No hubo mejor momento para ver la inteligencia instintiva de Nadal, capaz ahora de esconder el golpe o la muñeca durante una eternidad, como en el segundo set, ese momento en el que todos sus adversarios de las finales creen que hay aire si llegan a la superficie. Empezó Ruud mandando, rompiendo el saque del campeón y poniéndose 3-1 con ruidosos latigazos al fondo de la pista que Nadal devolvía con un hilo de vida. Que el set acabase 6-3 a favor del español lo explica un brusco cambio de juego durante el 3-2, cuando tuvo que devolver el break. Nada de golpes ganadores: ritmo pasabolas de crucero contra la línea de fondo, desgaste físico y mental, peloteo para minar la contundencia del noruego, que tuvo que guardar el hacha y sacar la escoba.
Superado el contratiempo, se desató la tempestad. Golpes secos, casi insultos; reveses cruzadísimos, drives sin respuesta contra el espacio vacío. Una superioridad tan abrumadora que, cuando la cámara enfocaba a su entrenador, Carlos Moyá, la escena remitió a los pocos escrúpulos que el mito tuvo con él cuando jugaron en Hamburgo en 2003. Era un niño de 16 años jugando contra su ídolo, exnúmero 1 del mundo y top 5: le ganó en dos sets, le susurró muerto de vergüenza “lo siento” al acabar el partido y su abuela, cuando se puso en contacto con él, le dijo enfadada: “¿Cómo se te ocurre ganarle a Carlos con todo lo que ha hecho por ti?”. Él mismo, en el vestuario, rompió a llorar: “Tío, siento haberle ganado”, le dijo a Toni Nadal. Cuatro años después, en Roland Garros, lo echó del torneo con un rosco.

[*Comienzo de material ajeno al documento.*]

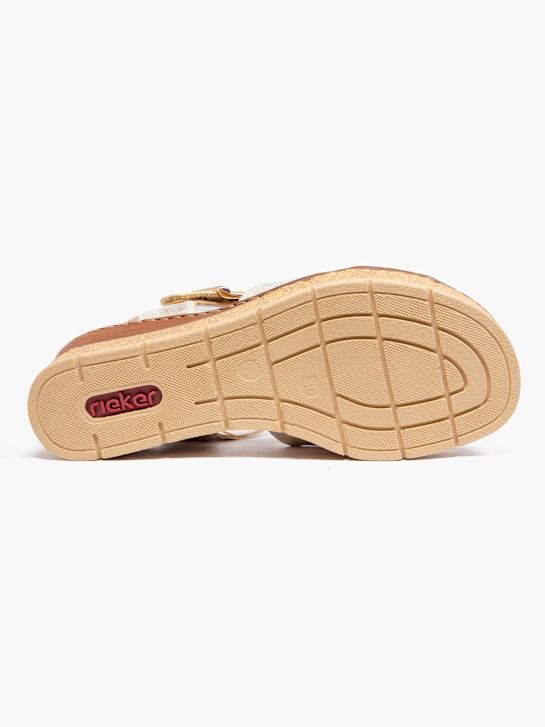 rieker heeled sandal beige deichmann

El tercer set de Nadal contra un chico que le venera (también un 6-0) tiene en el espejo retrovisor las amenazas, siempre cumplidas, del discípulo matando al maestro. Le ocurrirá tarde o temprano con Alcaraz en un Grand Slam. Ocurrirá en alguna parte, también en tierra batida. De momento, lo único seguro es que si Nadal hubiese tenido un hijo la primera vez que ganó en París, el chico podría llevarlo en coche el próximo año a Roland Garros. Y que cuando perdió Wimbledon en 2007 frente a Federer, tras tener al suizo contra las cuerdas, Nadal también lloró en el vestuario, esta vez por perder. Cuentan García Muñiz y Méndez Vega en De Rafael a Nadal (Roca Editorial) que un año después, en Londres, lloró su tío Toni Nadal después del mejor partido de la historia, que acabó cuando ya casi no había luz (“no veía ni con quién estaba jugando”, dijo Federer), en el que Nadal ganó y él, Toni, reconoció que en el fondo de su corazón había llegado a pensar que Wimbledon fuera un sueño imposible. Lo que piensa de sus sueños Rafael Nadal en el fondo del corazón, a estas alturas, ya no lo sabe ni él.